(TASK TO COMPLETE): The listing below must be returned in full and unchanged, without the images it carries.

(RAW DATA):
--- --- ---

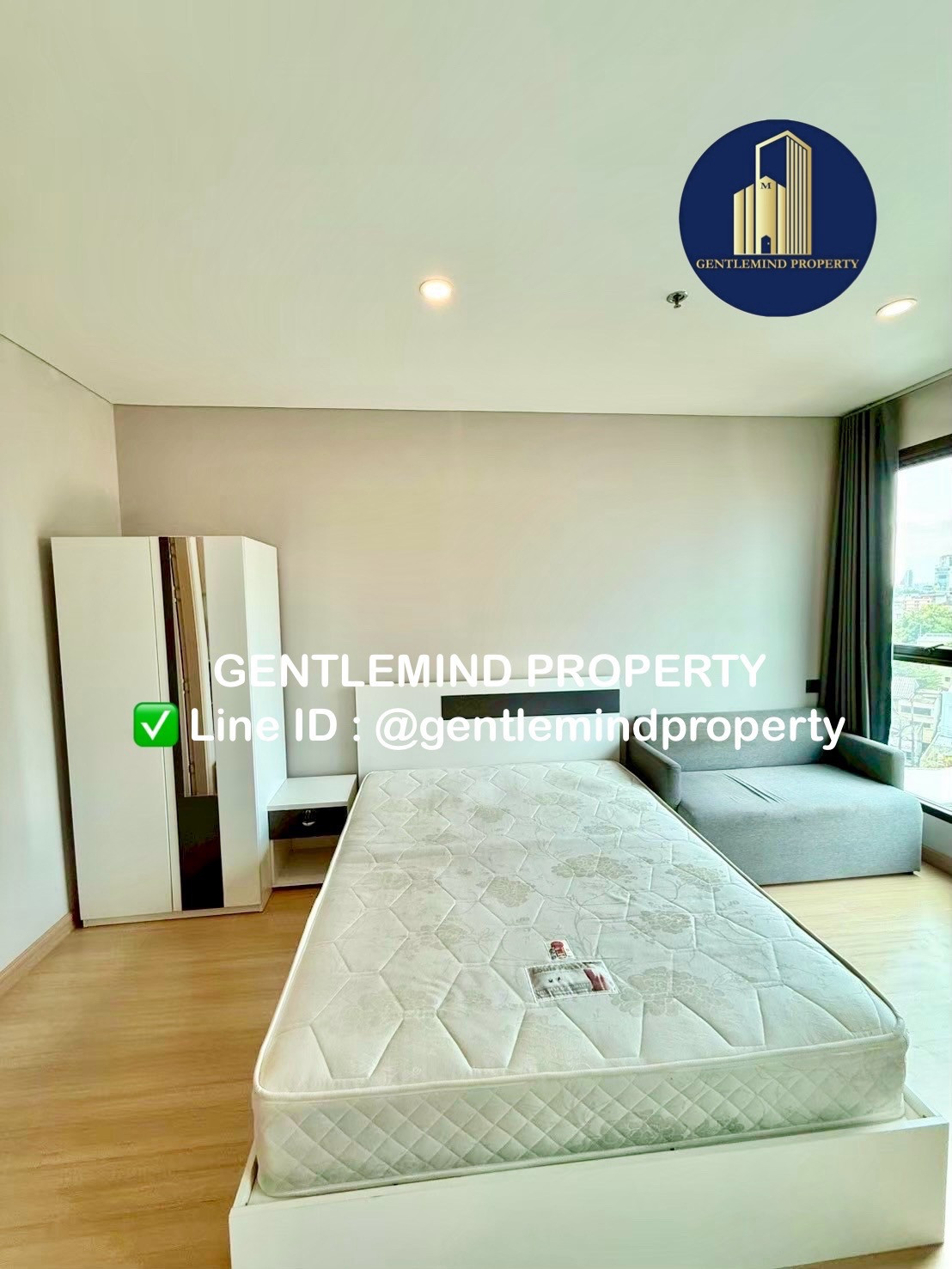 🔥🔥🔥HOT DEAL!!!  ✅SPECIAL PRICE 10,500 baht ☀️ให้เช่า Lumpini Park Phahon 32 🚊ใกล้ BTS รัชโยธิน (เดินได้เลย) – รูปที่ 2
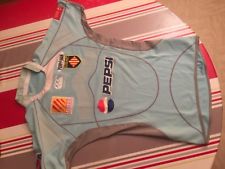 Rugby maillot porté match USAP 2009 champion Top 14 rare 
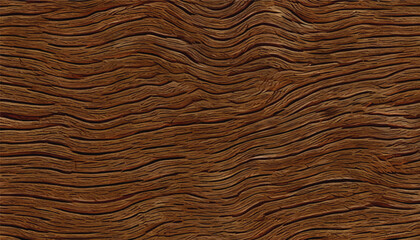 A close-up view of a textured wooden surface. Wood texture with natural pattern. Wooden background.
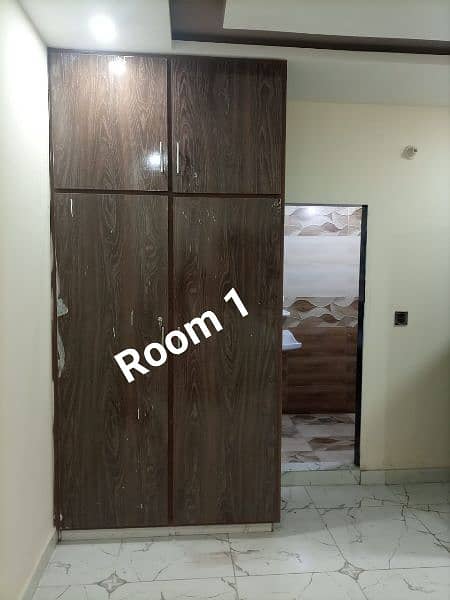 2nd Floor 450sqft Family Flat For Rent At Lytton Road Mozang Lahore 4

--- --- ---

(SOLVED EXERCISE):
 🔥🔥🔥HOT DEAL!!!  ✅SPECIAL PRICE 10,500 baht ☀️ให้เช่า Lumpini Park Phahon 32 🚊ใกล้ BTS รัชโยธิน (เดินได้เลย) – รูปที่ 2
 Rugby maillot porté match USAP 2009 champion Top 14 rare 
 A close-up view of a textured wooden surface. Wood texture with natural pattern. Wooden background.
 2nd Floor 450sqft Family Flat For Rent At Lytton Road Mozang Lahore 4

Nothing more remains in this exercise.